Gov. Jerry Brown and California's state engineers' union have reached a tentative two-year agreement that provides a raise, moves toward eliminating promotional examinations for a relative handful of lower-level job classes, provides incentive bonuses for a few hundred State Water Project employees and increases travel expense allowances.
Brown's Department of Human Resources estimates the added cost of the contract at $48.7 million, assuming voting members of Professional Engineers in California Government and the Legislature approve the deal.
The centerpiece is a 3.3 percent raise that would kick on July 1, 2015, the last day of the contract. The deal also stipulates that the Brown administration and the union will start the process to eliminate civil service promotional examinations for a halfdozen job classifications. The so-called "deep classing" of those positions would base promotions on experience and job performance and requires approval by the State Personnel Board.

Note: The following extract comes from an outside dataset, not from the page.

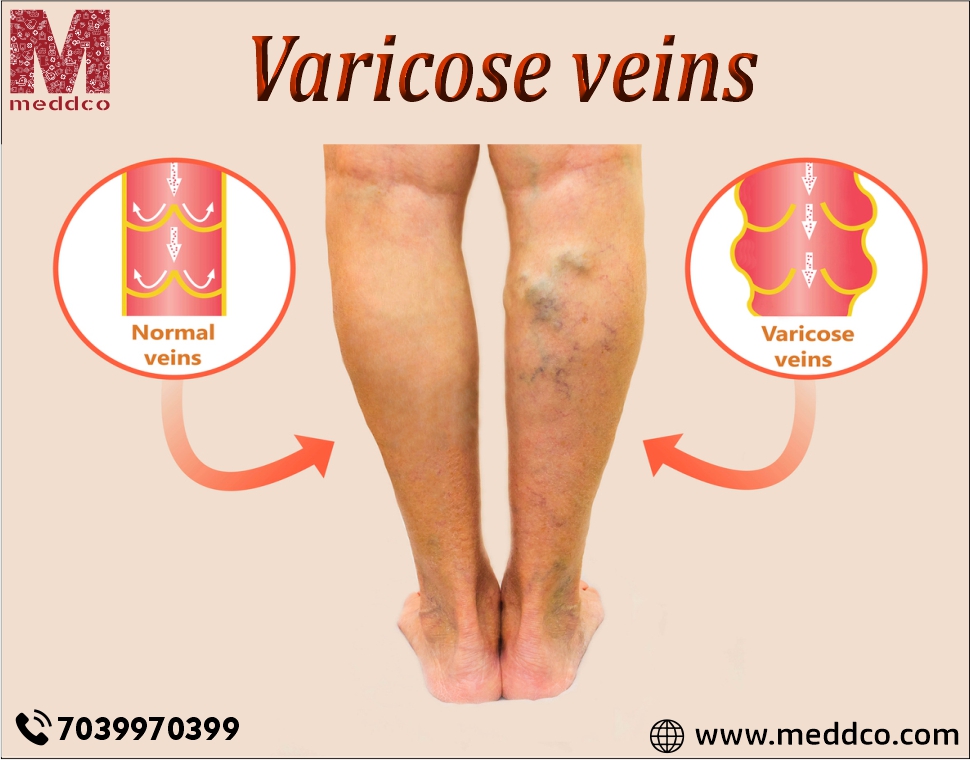 Say Good Bye to Varicose Veins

Roughly 200 engineers working on the State Water Project for the Department of Water Resources would be included in an incentive program that ties up to 80 hours per year of additional paid time off to meeting water and power delivery goals. The provision applies to engineers in the department's Operations and Maintenance field divisions. Other unions representing employees in those divisions have similar terms.
The contract also calls for a relatively small number of engineers to pay more for their pensions in keeping with California's new law requiring employees contribute at least half the normal cost of their retirement funds. Most of PECG's members, however, already meet that requirement and won't see their contributions increase from the current 8 percent of pensionable pay.
Like other contracts Brown has negotiated in the last few months, the engineers' deal increases the state's reimbursement schedule for travel expenses and provides protections against furloughs. Like some other recent deals, the PECG bumps up shift differentials.